Are there any limitations on I/O that can be performed by migrated processes

Answer:

Usually, remote I/O done by migrated processes on remote nodes is performed via the respective home-node of each process. While this does not limit the allowed operations, it may slow-down such processes. Thus, if the amount of I/O is significant, it will often cause the process to migrate back to its home-node.

Note that the amount and frequency of I/O is taken into account and weighted against other considerations in making such a decision.

The direct-communication (migratable socket) can reduce this slow-down affect for I/O between communicating processes.

Question:

Which IPC mechanism should be use between processes to get the best performance

Answer:

The most efficient mechanism is the direct-communication, see the next questions.

Otherwise, MOSIX is not different from Linux: depending on the particular needs of the process, whatever approach (other than shared-memory) that is best in Linux is best on MOSIX. It could be pipes, SYSV-messages, UNIX-sockets, TCP-sockets and files.
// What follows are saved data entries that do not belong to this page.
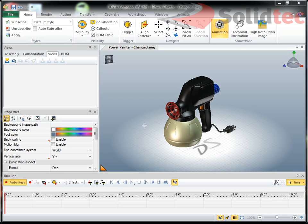Hi, Kieran from Solid Tech here. In this video, I'd like to show you a little bit about perspective in 3D via Composer and how you can work with it, and the way it works with cameras when you're creating views and animations and so on.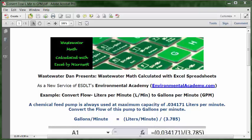Wastewater Dan presents Wastewater Math calculated with Excel spreadsheets, as a new service of ESDLT's Environmental Academy at environmentalacademy.com.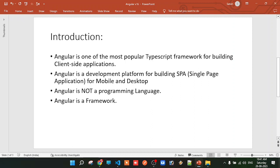We can also develop Single Page Applications, known as SPAs, using Angular. A Single Page Application means — normally on a regular website, different pages have separate HTML pages. But in a Single Page Application, there is only one HTML page. We navigate between different sections, and only the content changes — but the base page itself never changes.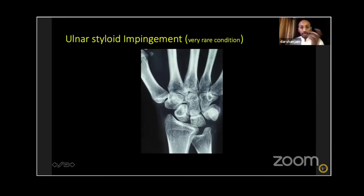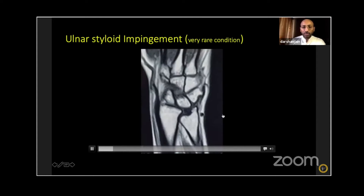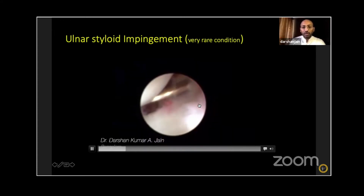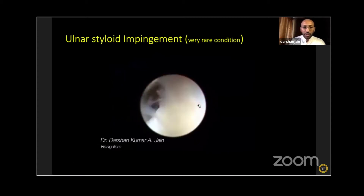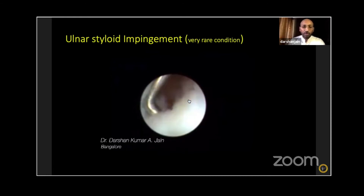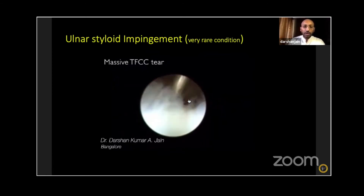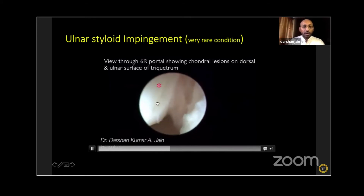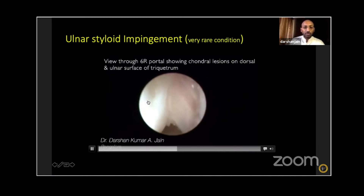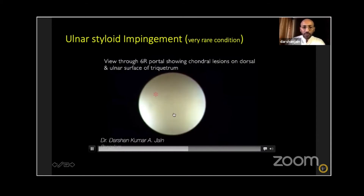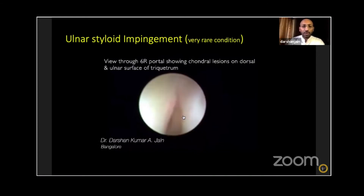This is a rare entity called ulnar styloid impingement. Even with negative ulnar variance, there is a prominent ulnar styloid. MRI shows indentation on the triquetrum with multiple cystic lesions from repeated injury over more than two years. Arthroscopic visualization revealed a massive irreparable tear, plus significant chondral lesions on the triquetrum and lunate. Arthroscopic drilling can be performed to stimulate fibrocartilage formation. In this situation, you could also remove the prominent ulnar styloid arthroscopically.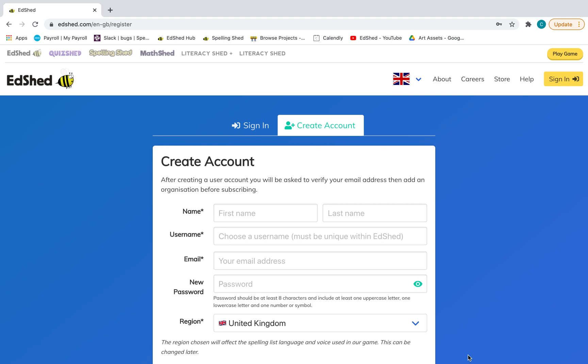Sign up to Edshed and take out a subscription. If you're completely new to us, first of all go to edshed.com and create an account. I'm just going to do one for myself.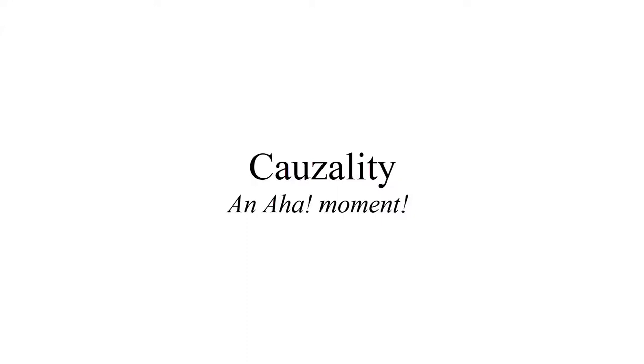Causality, an aha moment. Since modeling is really all about trial and learning, I actually have a lot of aha moments.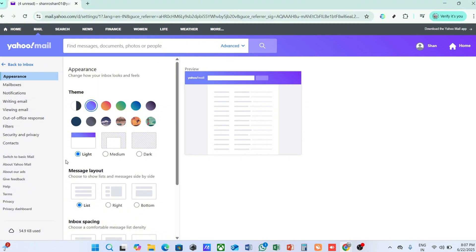And there you have it. You now know how to easily check your Yahoo Mail storage capacity on your computer. Regularly monitoring your storage not only helps in maintaining the efficiency of your email usage, but also keeps your mailbox organized and clutter-free. Thanks for watching this video, and I hope you found this guide helpful.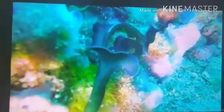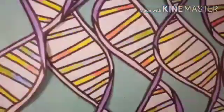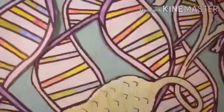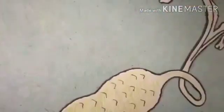Sex determination in Bonellia involves both genetic and environmental factors. A Bonellia larva is initially sexually undifferentiated — at this larval stage, it is free-swimming in the water.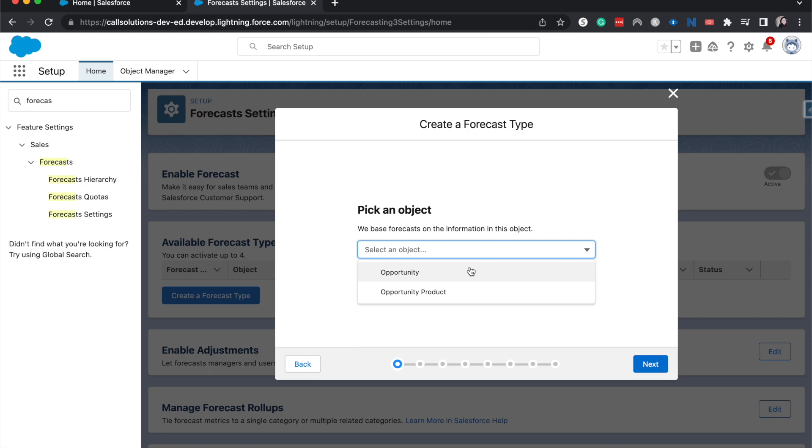Rather than like an opportunity product quota side, so you're selling a certain amount or doing a certain amount in sales rather than selling a certain amount of product. So I'm going to go Opportunity here.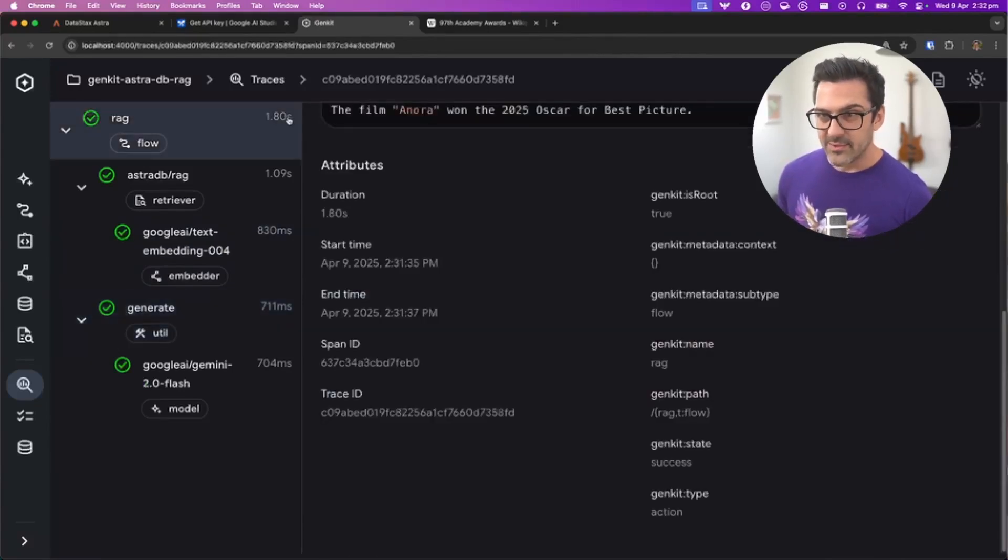Building flows with Genkit and testing them out in the UI is straightforward and feels really productive, and you can call on these flows inside your own application. The AstroDB plugin for Genkit makes it really easy to add a vector database to Genkit. There are links in the description to a tutorial and all the code so you can look into this in more detail. I hope you enjoy using Genkit and the AstroDB plugin.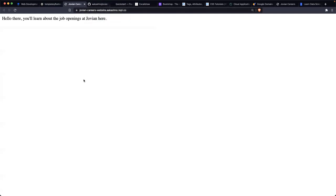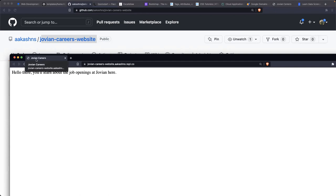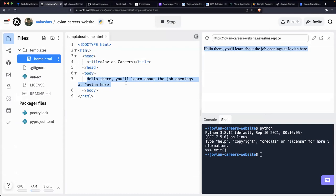Now the browser shows 'Hello there. You can learn about job openings at Jovian here.' And if you look at the tab title, it now says 'Jovian Careers' — we've set the title of the tab. You can also set the favicon — the small icon shown in the browser tab — using a Flask template. We're making progress, starting to show information about what we want to display on the site using a template.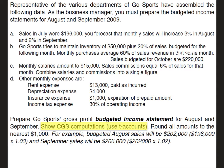Letter C, monthly salaries amount to $15,000. Sales commissions equal 6% of sales for that month. Combine salaries and commissions into a single figure. Then we're given in letter D other monthly expenses which are rent expense, depreciation expense, insurance expense, and income tax expense.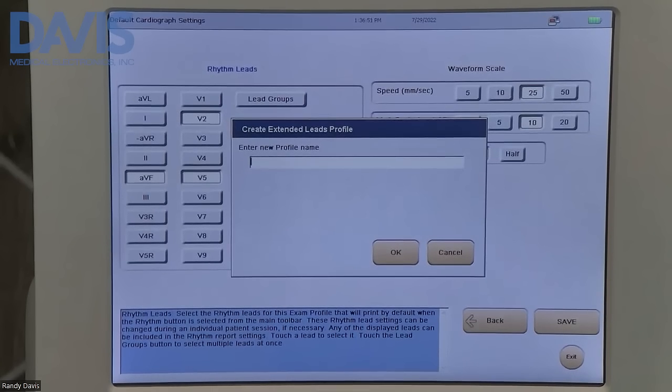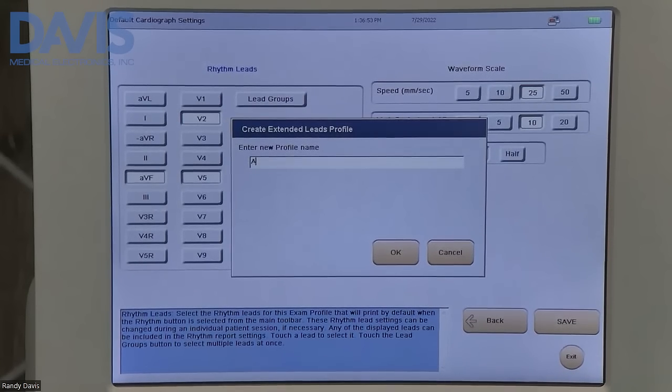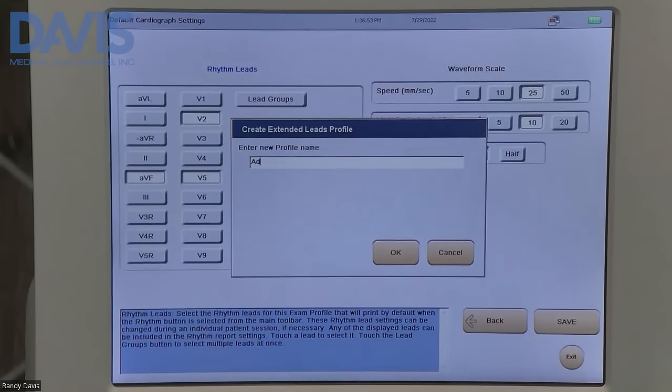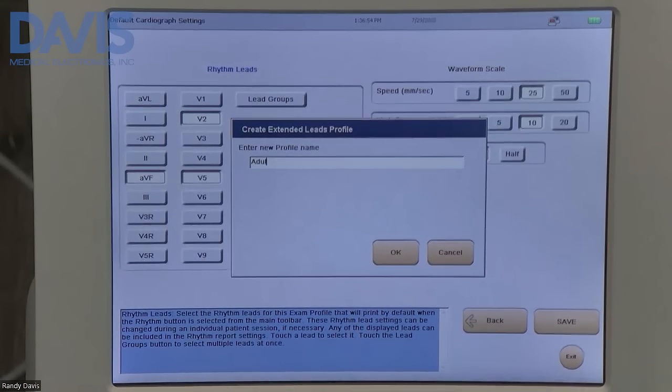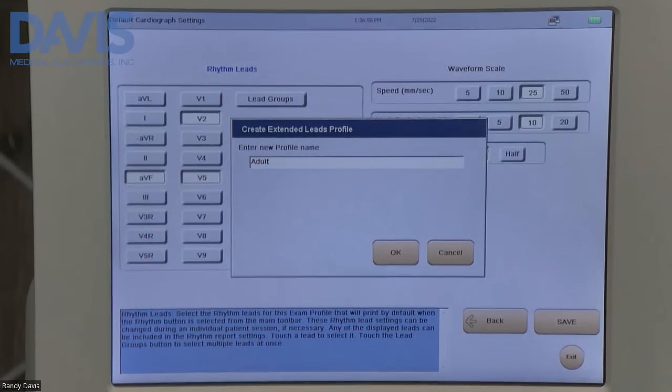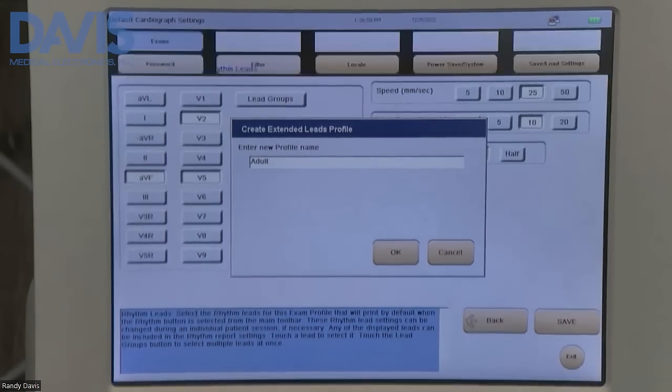You'll be prompted to create a new profile name. Once you create your name, click OK.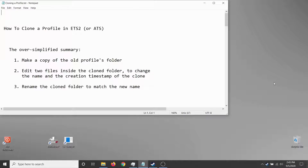We're going to try the Windows version of how to clone a profile in Euro Truck Simulator 2 or American Truck Simulator, using ETS2 for the demo. The 10,000-foot overview: you make a copy of the old profile you're cloning, look inside the clone folder, take two files and edit them to change the name and the creation timestamp, then rename the clone folder to match the name you gave it inside.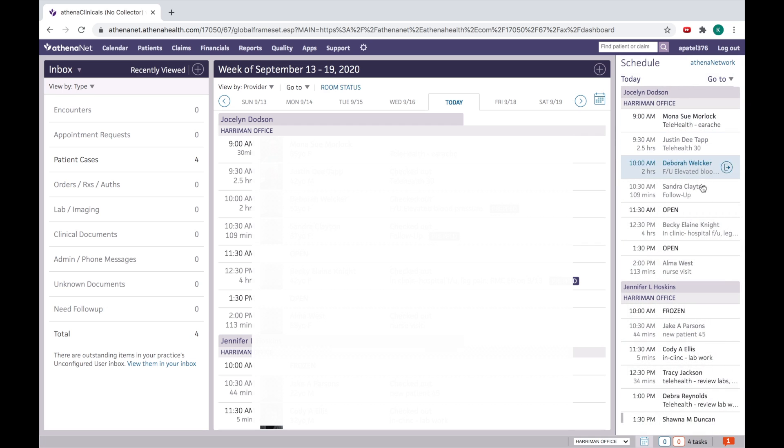And like this, you can see the scheduled patient list. If you want to switch to the previous view, just click here.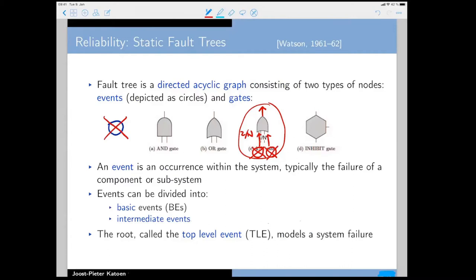The purpose of such a rooted directed acyclic graph is to compute when the root — called the top-level event — is going to fail. The whole tree models the whole system, so if the root fails, the entire system fails. That's the catastrophe you'd like to avoid.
Obviously files can be slow when they usually require writing on a physically-moving surface and/or networking. On the other hand, Linux has very good caching mechanisms for local files.

Question:

Can MOSIX support migratable socket

Answer:

Yes, direct-communication provides an effective migratable socket between migrated processes.

Question:

How direct-communication can improve the performance of communicating processes

Answer:

Normally, MOSIX processes do all their I/O and (most) system-calls via their respective home-nodes. This can be slow because operations are limited by the network speed and latency.

Direct communication allows processes to exchange messages directly between migrated processes, bypassing their home-nodes.

Question:

Can I run 32-bit programs on MOSIX

Answer:

You can start 32-bit programs from MOSIX, but they will run as standard, non-migratable Linux programs instead.

Connecting with SLURM

Question:

Why use SLURM

Answer:

SLURM can provide queuing and batch services.

Question:

Can I use other queuing or batch packages

Answer:

Yes, but MOSIX does not provide an interface to other packges, so you will need to write your own.

Question:

How to use MOSIX with SLURM

Answer:

1. Use the -O flag of "srun" (for overcommit)

2. When allocating a new job ("srun", "salloc" or "sbatch"), use the flag "-Cmosix\*{MHN}", where "MHN" is the desired number of MOSIX home-nodes for the job.

3. Precede your commands with "mosrun [mosrun-parameters]". The mosrun-parameters should normally include "-b" and "-m{mem}".

4. Do not specify memory-requirements in "srun", because this does not work with overcommit.

Question:

Why do I need more than one MOSIX home node

Answer:

1. To reduce the load on home nodes.

2. Even with overcommit, SLURM does not allow more than 128 tasks per node.

Question:

Do I have to use the prologs and the epilog provided by MOSIX

Answer:

These scripts are provided for convenience and can be adjusted to your needs.

Question:

Can I use nodes that are not part of the SLURM cluster

Answer:

Yes, this can be configured. It is also possible to use nodes in other SLURM clusters.